[Captioned web images]

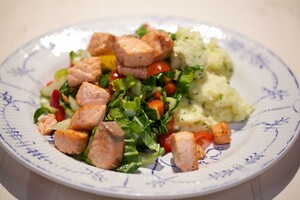 Paksoi-zalmsalade met smeuïge aardappelpuree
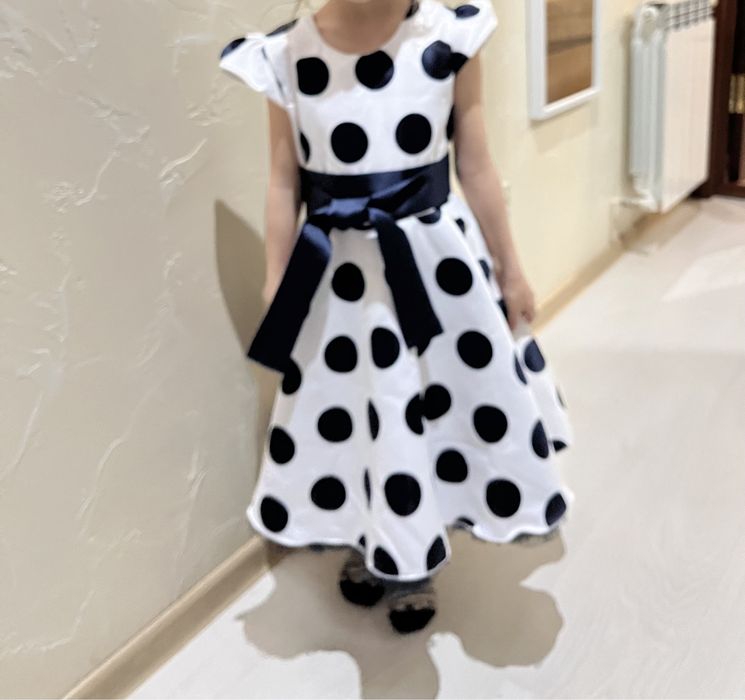 Новое платье на выпускной. Центр города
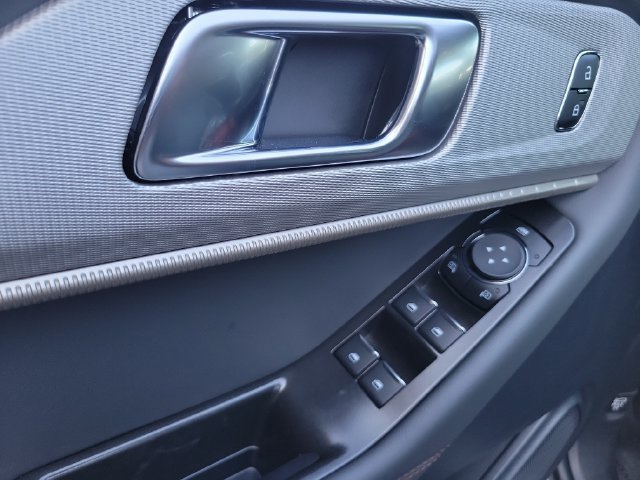 New 2026 Ford Explorer Active w/ Active Comfort Package RWD image 21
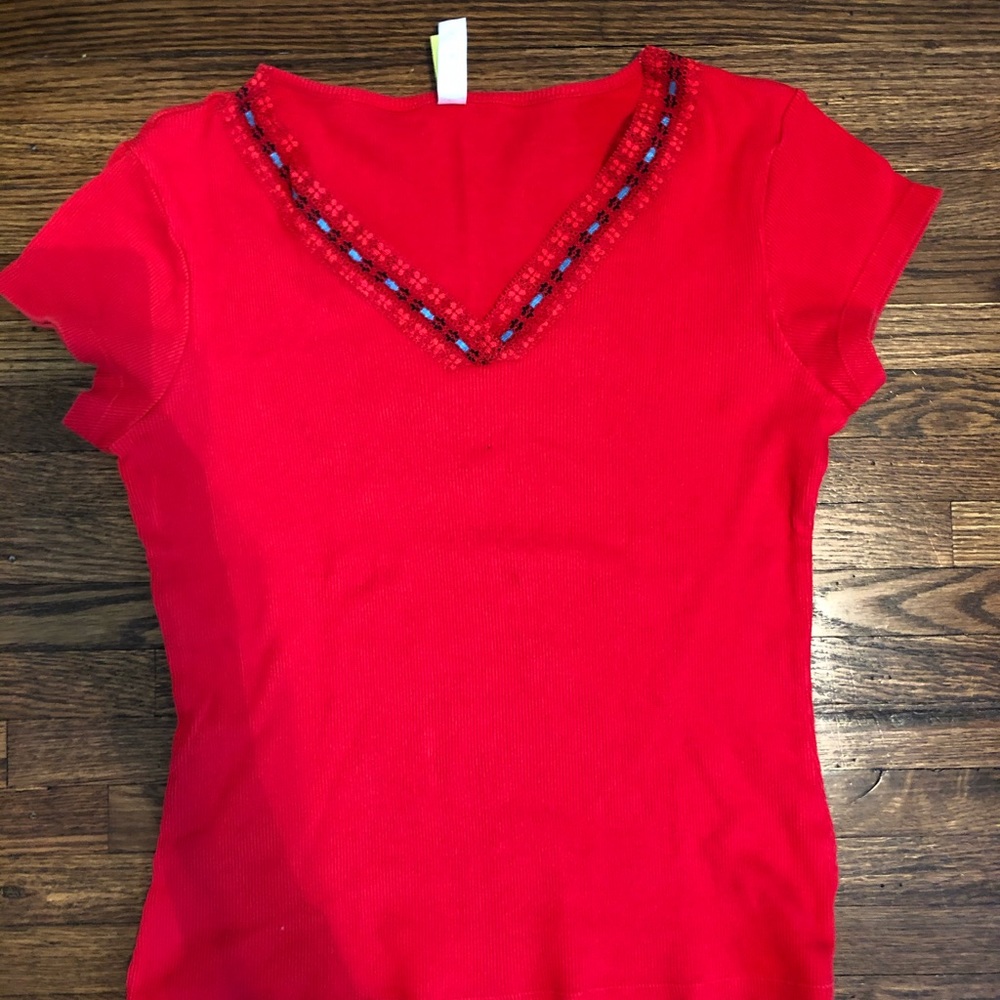 Ribbed tee with cute details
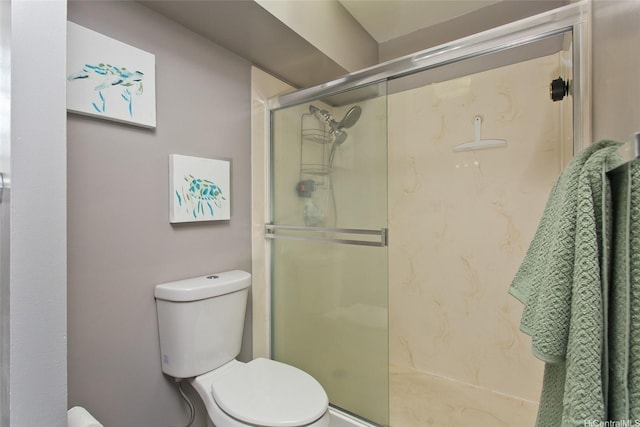 98-719 Iho Pl Unit 5-703, Aiea, HI 96701 - full bathroom featuring toilet and a shower with shower door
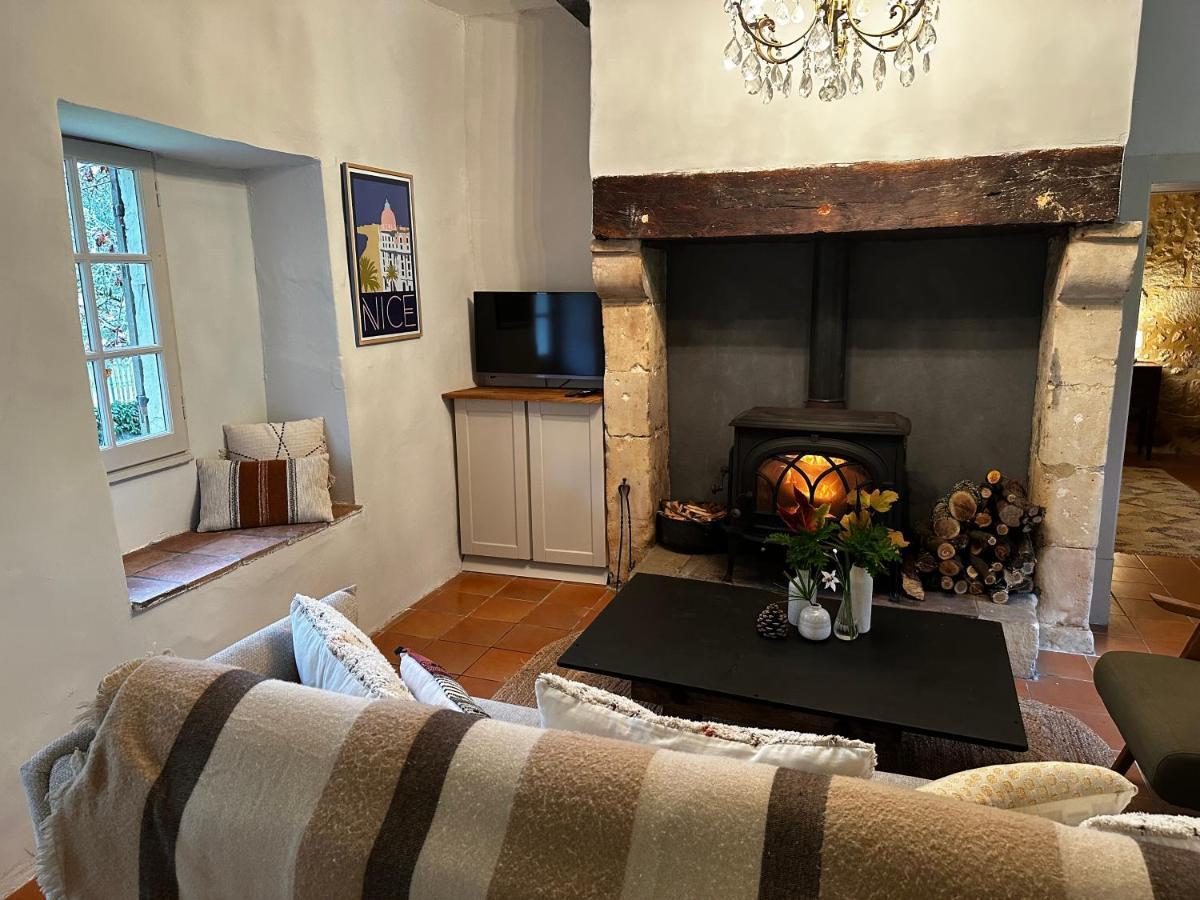 Вилла The Snug House Maurens  Экстерьер фото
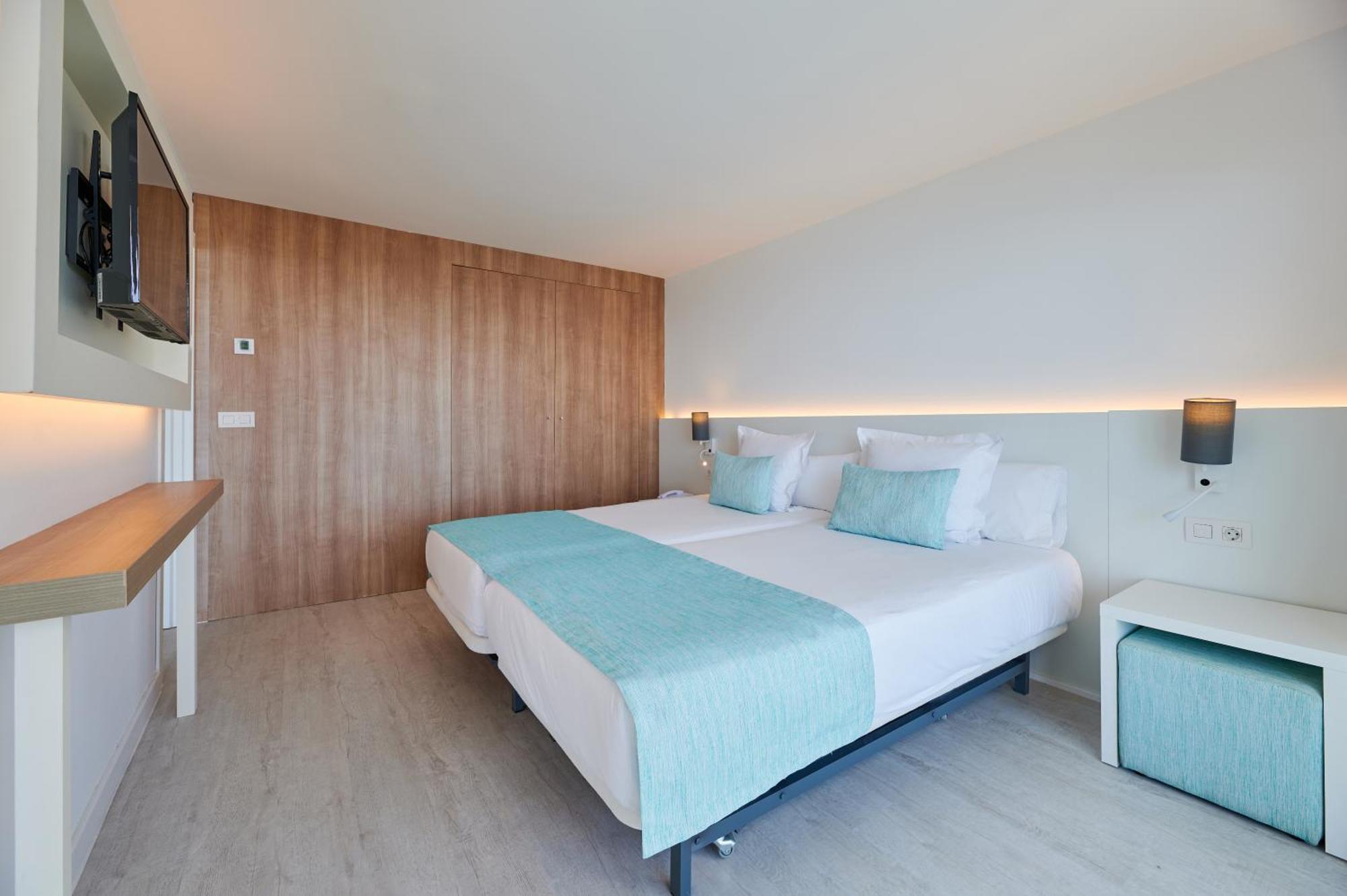 Отель Aluasoul Carolina - Adults Only Фонт-де-Са-Кала Экстерьер фото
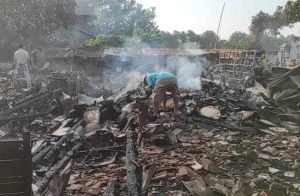 Pedagang Pasar Ngadiluwih Kediri Mengais Sisa Barang Dagangan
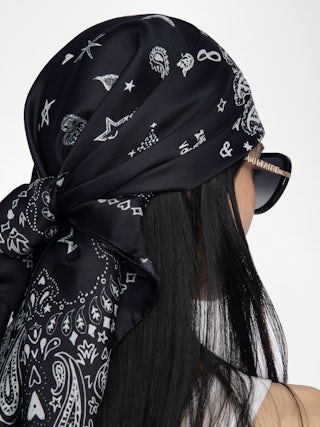 Debbie Bandana 85 Scarf - Square scarf in mixed silk with bandana print.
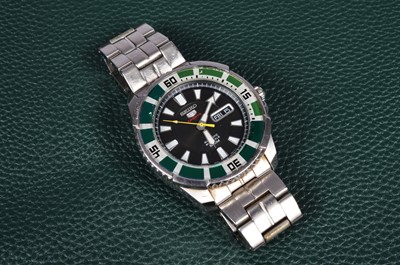 Lot 194 - A modern Seiko 5 Sports Automatic stainless steel wristwatch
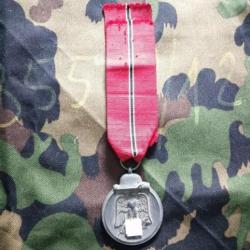 Médaille Front de L Est- 3 ème Reich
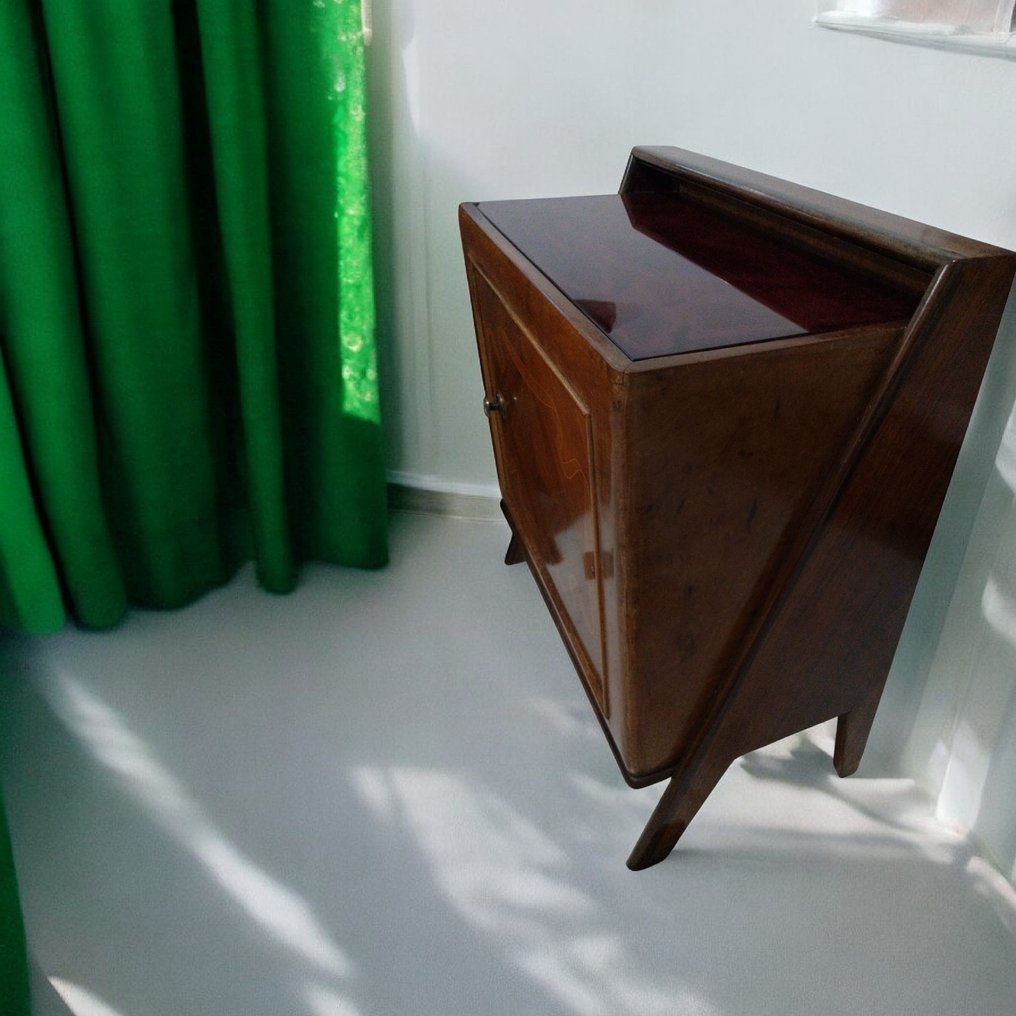Nightstand - Burr walnut, Mahogany - Pair of bedside tables in walnut and mahogany veneer. #4.3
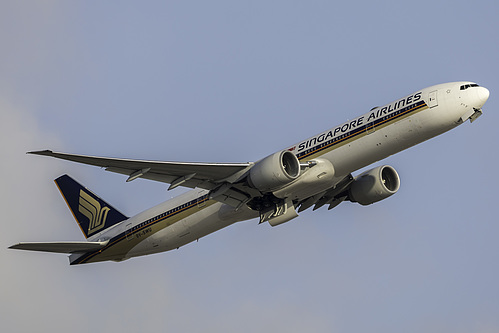 Singapore Airlines Boeing 777-300ER 9V-SWU at Los Angeles International Airport (KLAX/LAX)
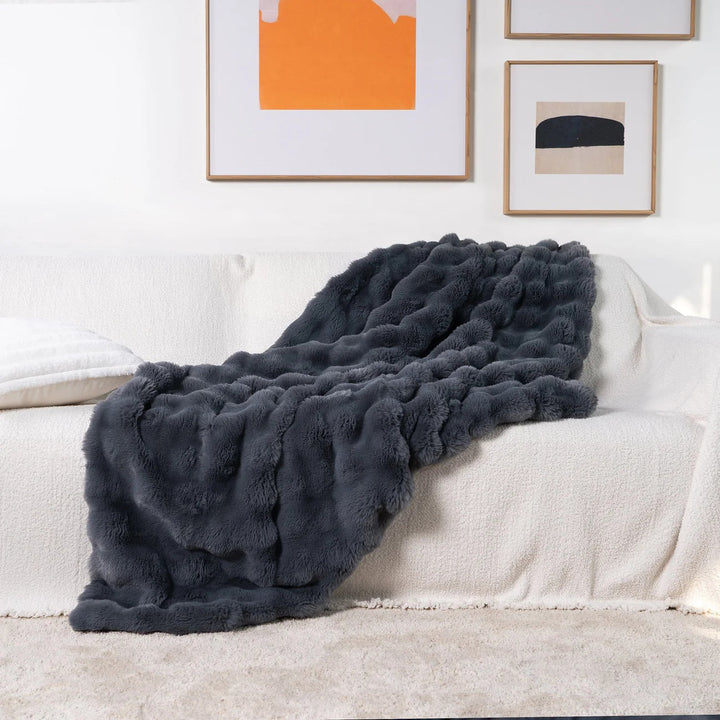 Colverro™ Dual-Layer Faux Fur Throw Blanket with Cloud-Soft Plush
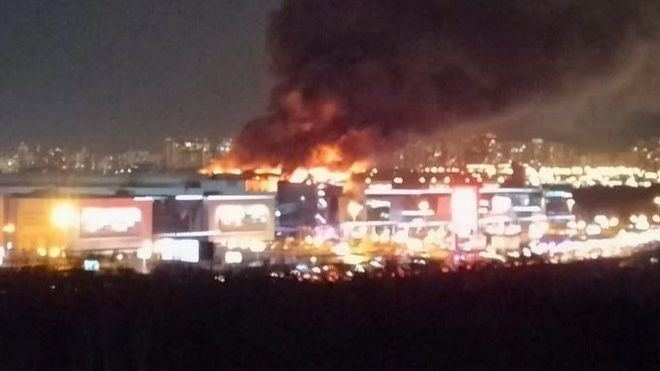 Un tiroteo en una sala de conciertos deja decenas de muertos en Moscú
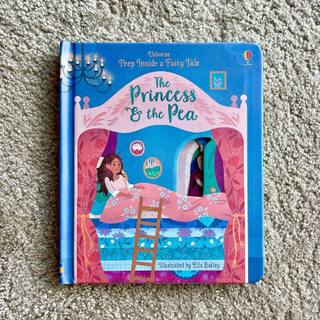 Usborne Peep Inside a Fairy Tale The Princess and the Pea Đồ dạng khám phá cho bé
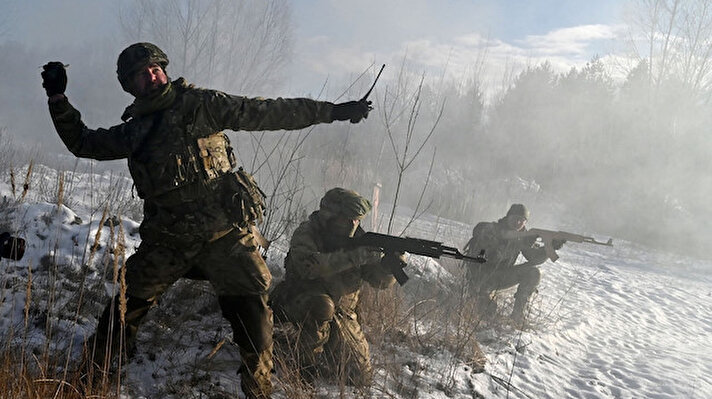 Ukrayna’nın doğu bölgesindeki Donetsk ve Lugansk Halk Cumhuriyetleri ile Ukrayna arasındaki gerilim tırmanıyor.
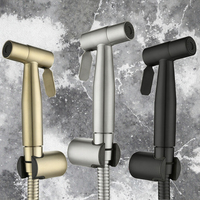 Ensemble de douchette de bidet moderne à poignée unique, accessoire de toilette à main, jet de pluie, finition chromée polie, robinets de douche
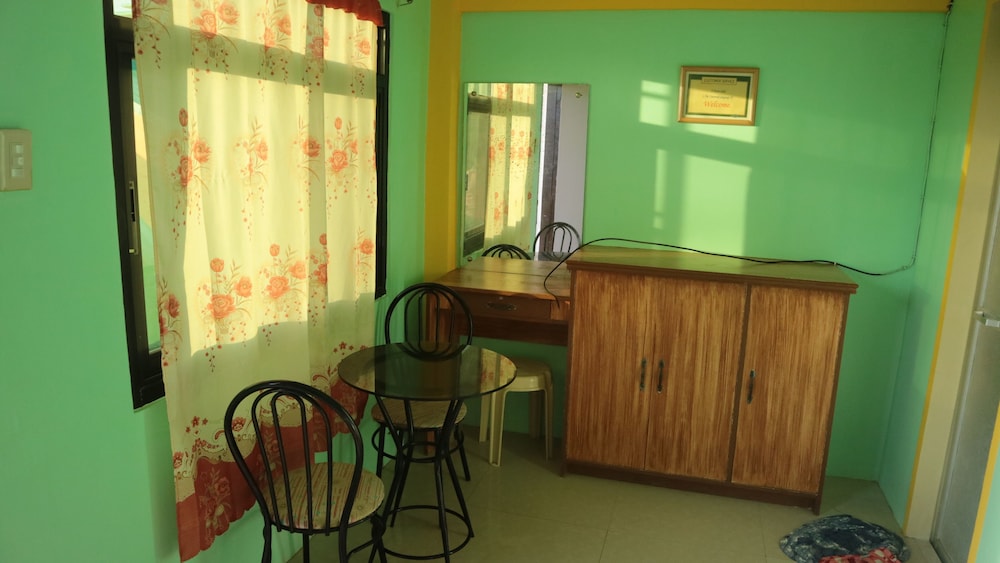 Doña Josefa Aquino Beach Resorts — hotel in Alaminos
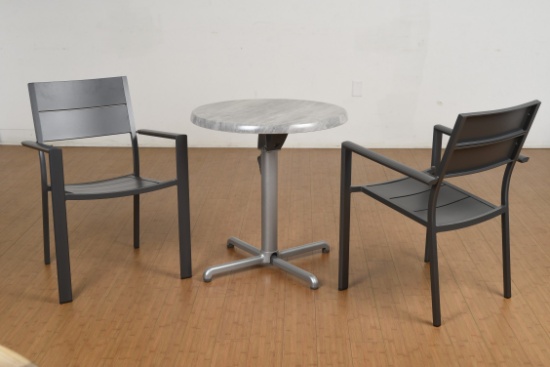 BRAND NEW ORIGINAL PACKAGING 27" SQUARE GYRO SQUARE SELF-STABILISING FOLDING TABLE WITH 2 ALUMINUM C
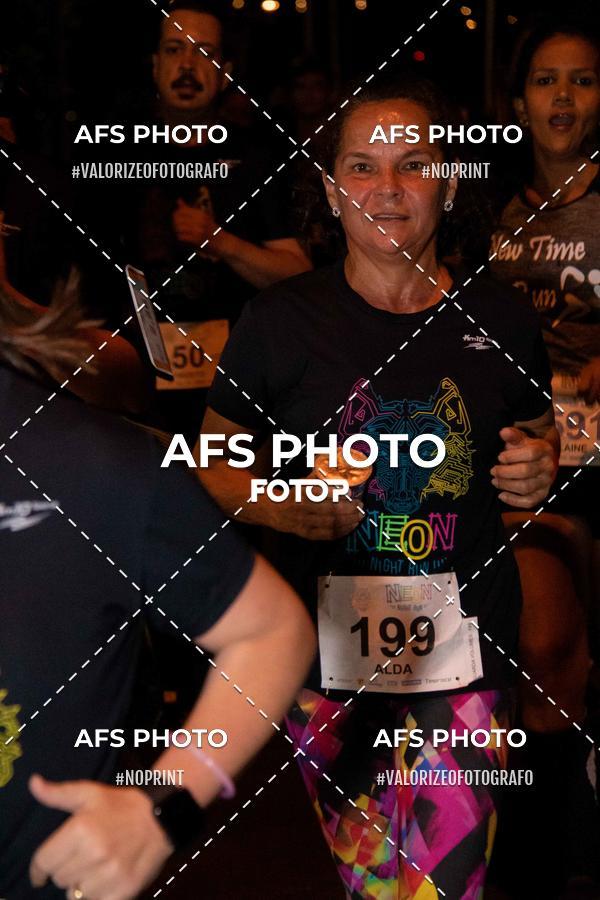 Achetez vos photos de l'vnementNeon Night Run 2019 - Belo Horizonte sur Fotop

→ **ACTIVITY**
Pictures aside, return exactly the lines from the data above, starting at the line that has "Médaille Front de L Est- 3 ème Reich" and ending at the line that has "Ukrayna’nın doğu bölgesindeki", both included.

→ **RESULT OF THIS EXERCISE**
 Médaille Front de L Est- 3 ème Reich
Nightstand - Burr walnut, Mahogany - Pair of bedside tables in walnut and mahogany veneer. #4.3
 Singapore Airlines Boeing 777-300ER 9V-SWU at Los Angeles International Airport (KLAX/LAX)
 Colverro™ Dual-Layer Faux Fur Throw Blanket with Cloud-Soft Plush
 Un tiroteo en una sala de conciertos deja decenas de muertos en Moscú
 Usborne Peep Inside a Fairy Tale The Princess and the Pea Đồ dạng khám phá cho bé
 Ukrayna’nın doğu bölgesindeki Donetsk ve Lugansk Halk Cumhuriyetleri ile Ukrayna arasındaki gerilim tırmanıyor.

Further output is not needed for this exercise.